>>>

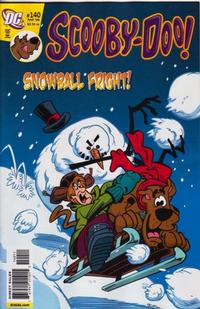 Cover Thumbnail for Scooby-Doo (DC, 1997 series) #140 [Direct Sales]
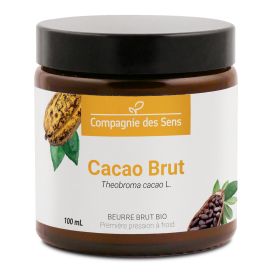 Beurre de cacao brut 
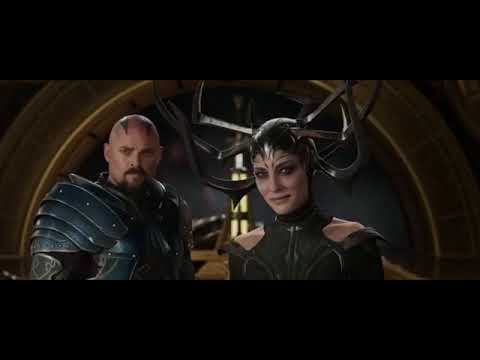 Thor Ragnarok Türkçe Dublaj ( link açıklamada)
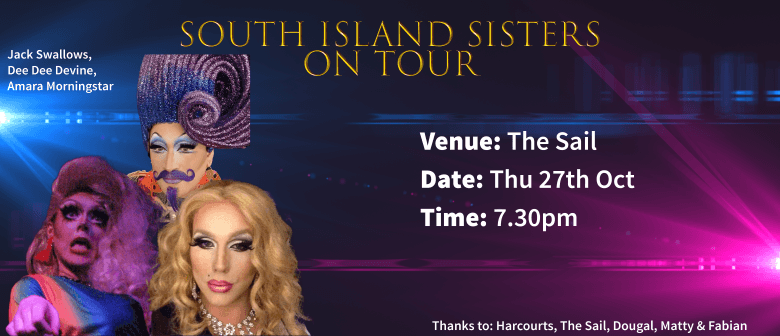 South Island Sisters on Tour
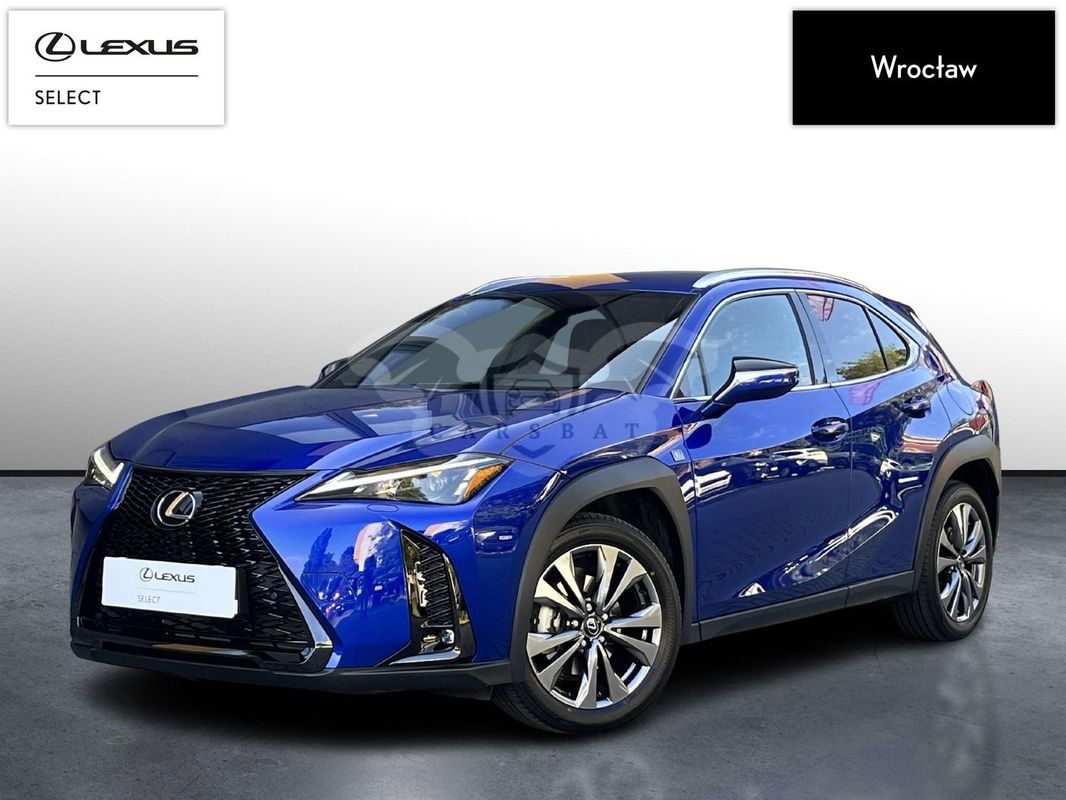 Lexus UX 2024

<<<

# [Exercise objective]
The material above is to be output exactly, with each picture left out.

# [Result below]
 Cover Thumbnail for Scooby-Doo (DC, 1997 series) #140 [Direct Sales]
 Beurre de cacao brut 
 Thor Ragnarok Türkçe Dublaj ( link açıklamada)
 South Island Sisters on Tour
 Lexus UX 2024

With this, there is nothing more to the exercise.